Material provided:
————————

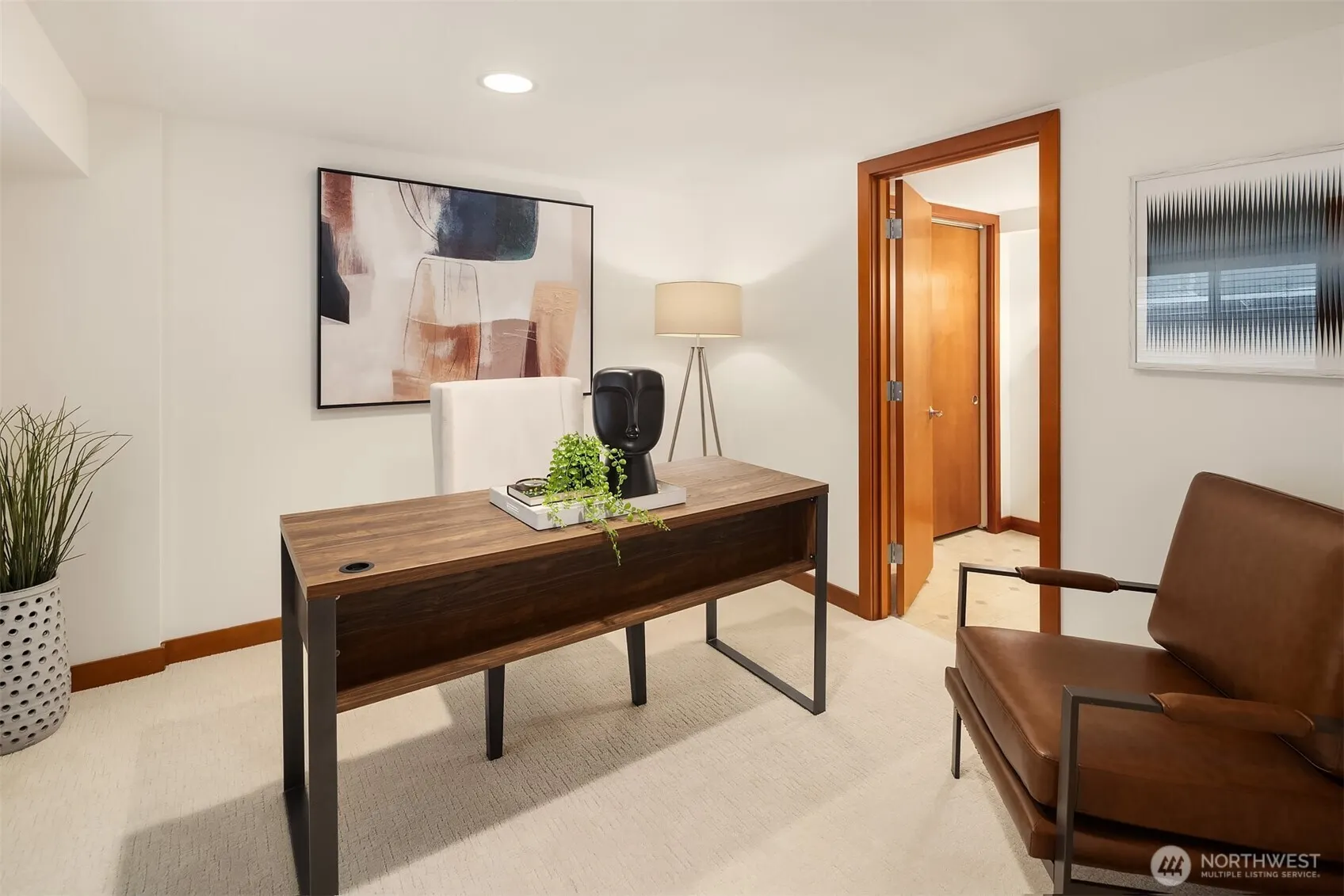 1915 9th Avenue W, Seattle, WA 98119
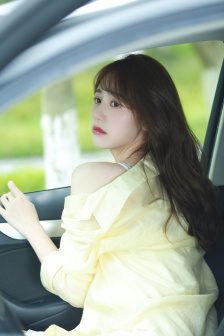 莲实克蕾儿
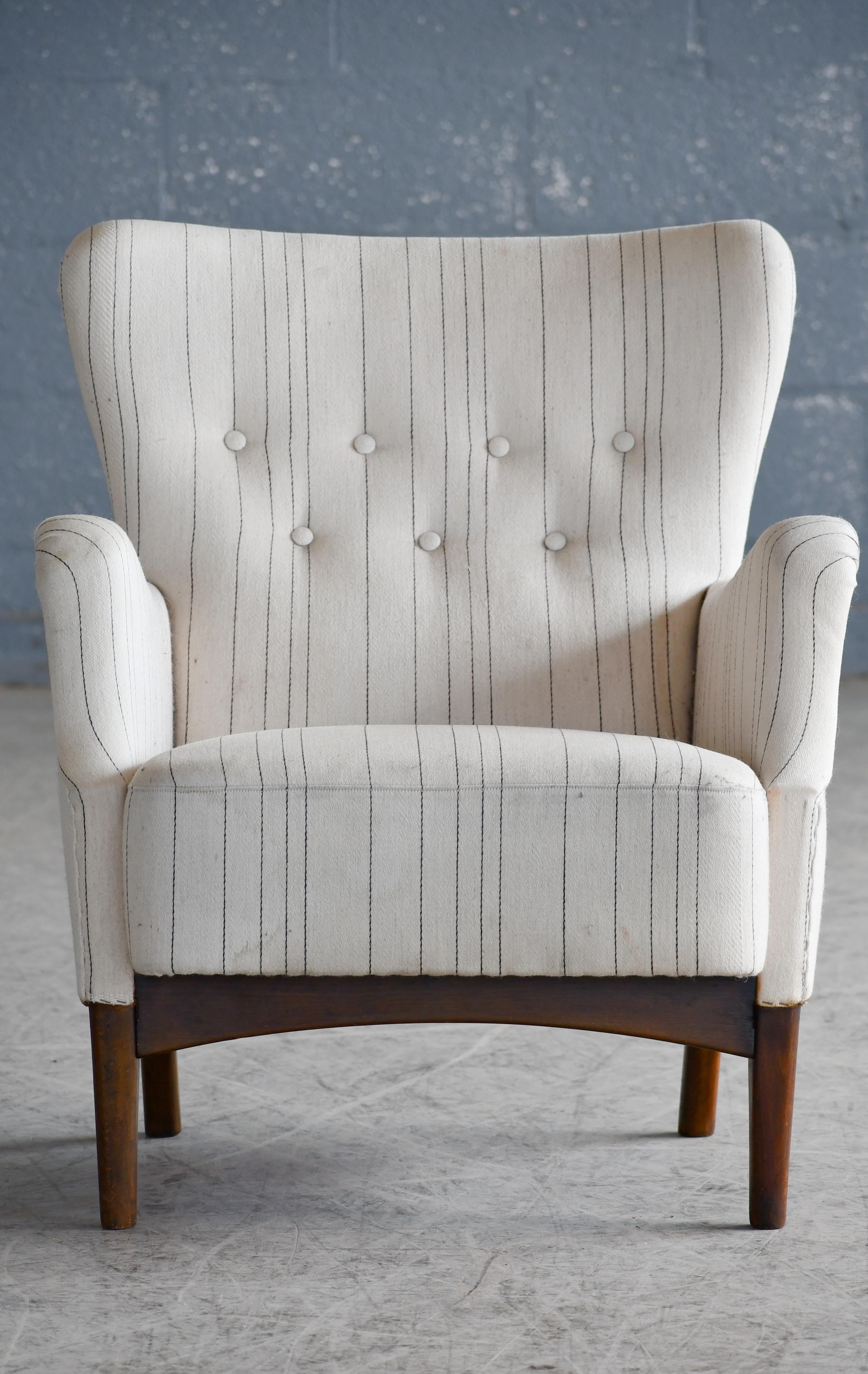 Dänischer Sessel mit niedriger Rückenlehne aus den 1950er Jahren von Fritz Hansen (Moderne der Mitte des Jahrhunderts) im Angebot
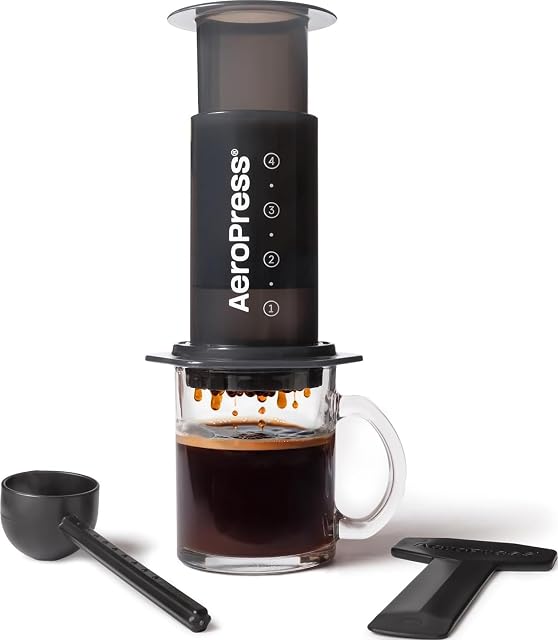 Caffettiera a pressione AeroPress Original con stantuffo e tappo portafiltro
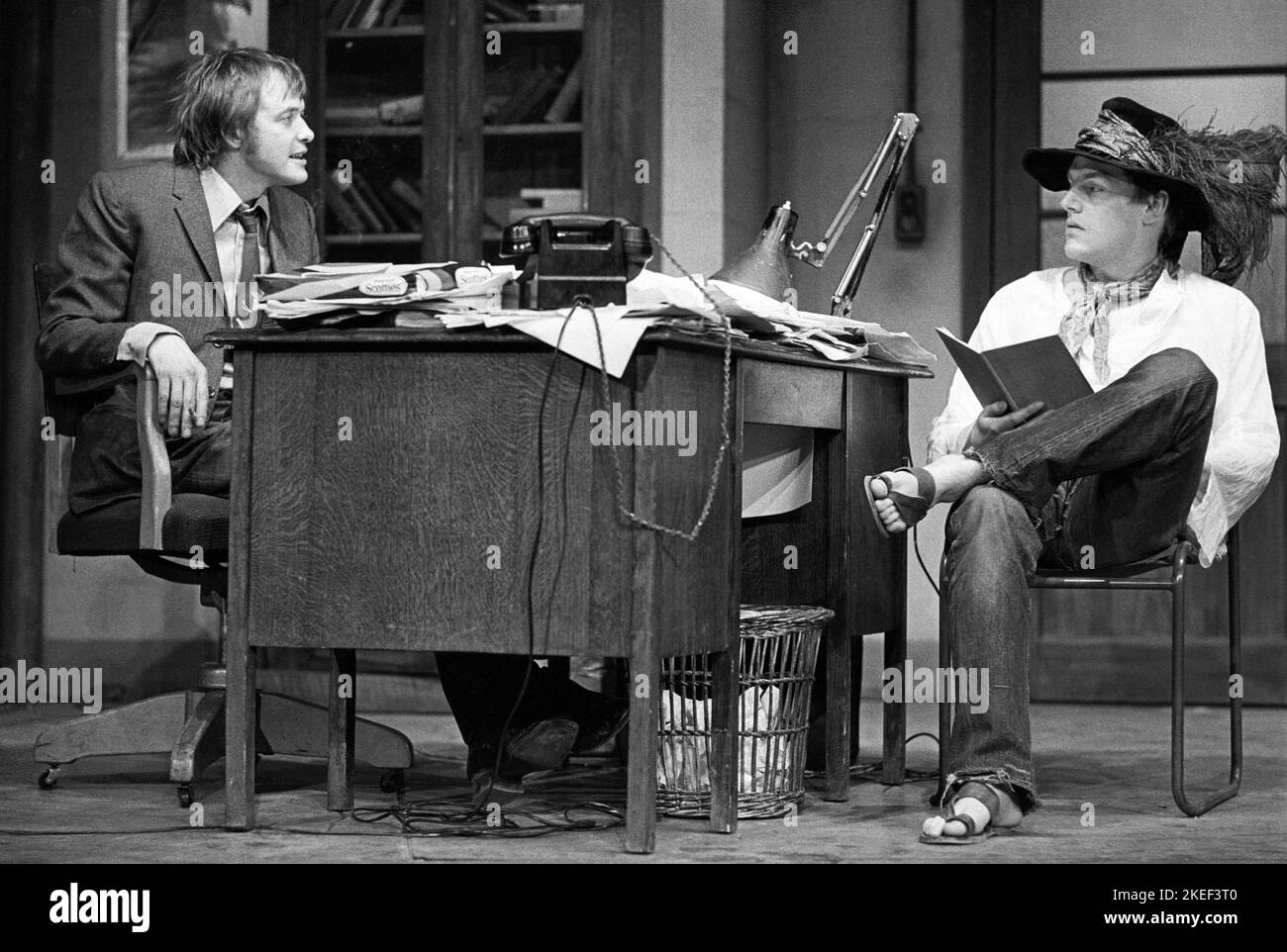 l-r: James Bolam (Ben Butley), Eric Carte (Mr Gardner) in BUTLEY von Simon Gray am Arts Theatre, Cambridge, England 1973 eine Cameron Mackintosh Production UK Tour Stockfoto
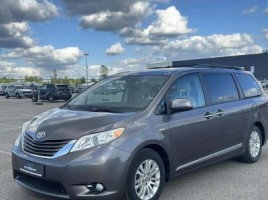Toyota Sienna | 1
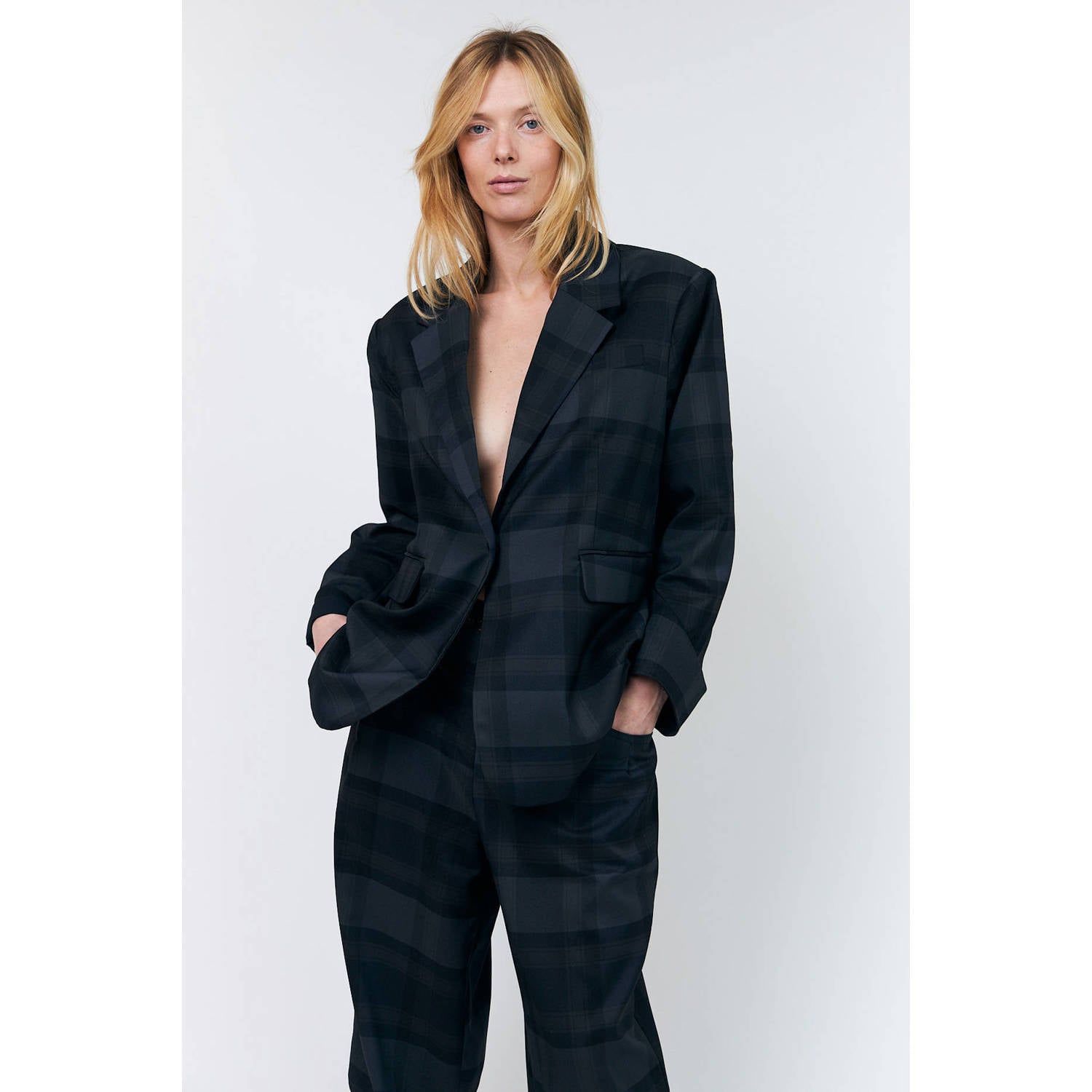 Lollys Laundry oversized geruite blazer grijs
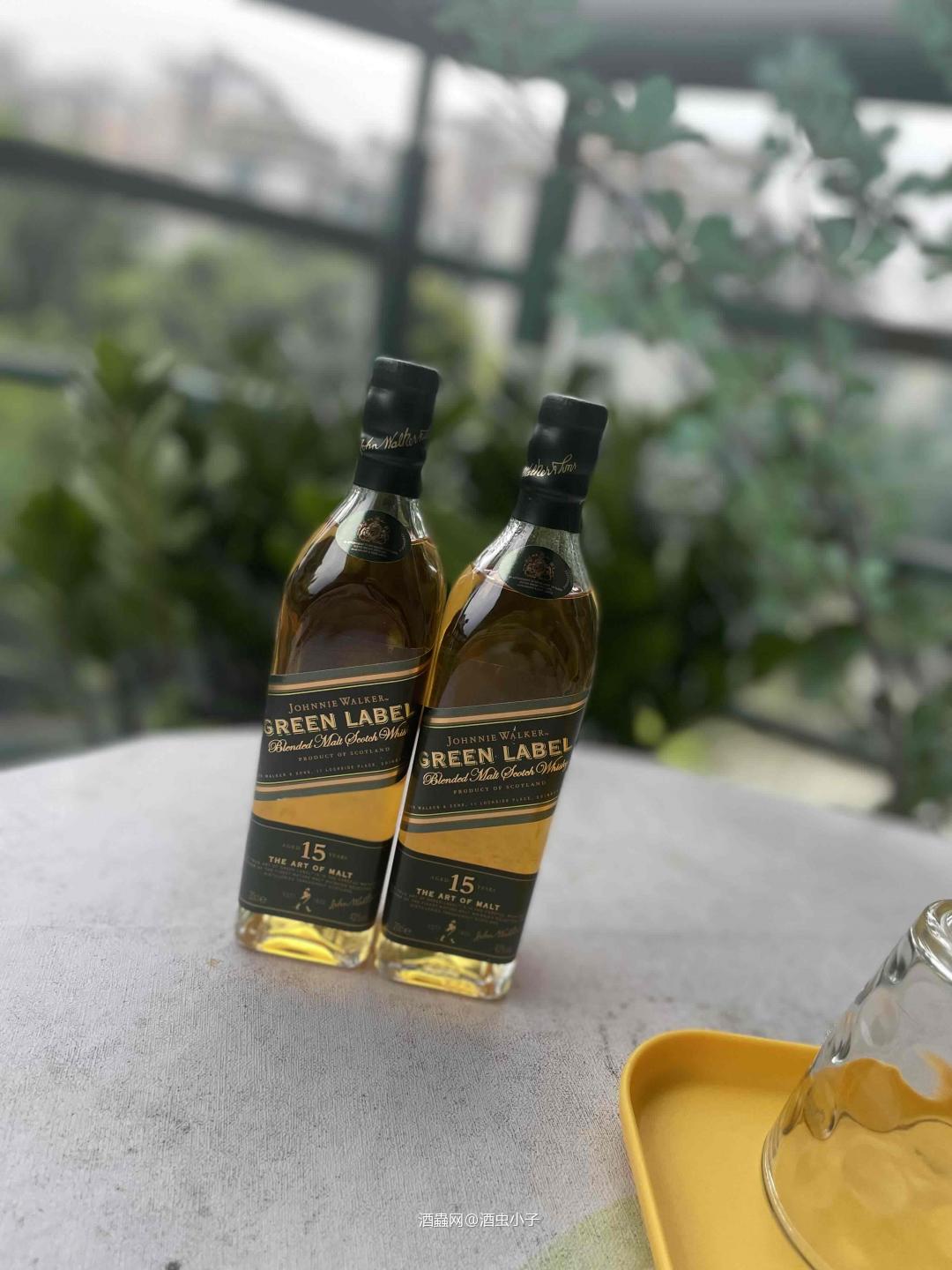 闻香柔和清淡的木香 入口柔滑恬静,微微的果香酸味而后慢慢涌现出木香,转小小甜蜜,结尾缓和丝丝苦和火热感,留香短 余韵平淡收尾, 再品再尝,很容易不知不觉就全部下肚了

————————

Brief: Repeat, exactly and in full, all records above, but include no pictures.

Problem solution:
 1915 9th Avenue W, Seattle, WA 98119
 莲实克蕾儿
 Dänischer Sessel mit niedriger Rückenlehne aus den 1950er Jahren von Fritz Hansen (Moderne der Mitte des Jahrhunderts) im Angebot
 Caffettiera a pressione AeroPress Original con stantuffo e tappo portafiltro
 l-r: James Bolam (Ben Butley), Eric Carte (Mr Gardner) in BUTLEY von Simon Gray am Arts Theatre, Cambridge, England 1973 eine Cameron Mackintosh Production UK Tour Stockfoto
Toyota Sienna | 1
 Lollys Laundry oversized geruite blazer grijs
 闻香柔和清淡的木香 入口柔滑恬静,微微的果香酸味而后慢慢涌现出木香,转小小甜蜜,结尾缓和丝丝苦和火热感,留香短 余韵平淡收尾, 再品再尝,很容易不知不觉就全部下肚了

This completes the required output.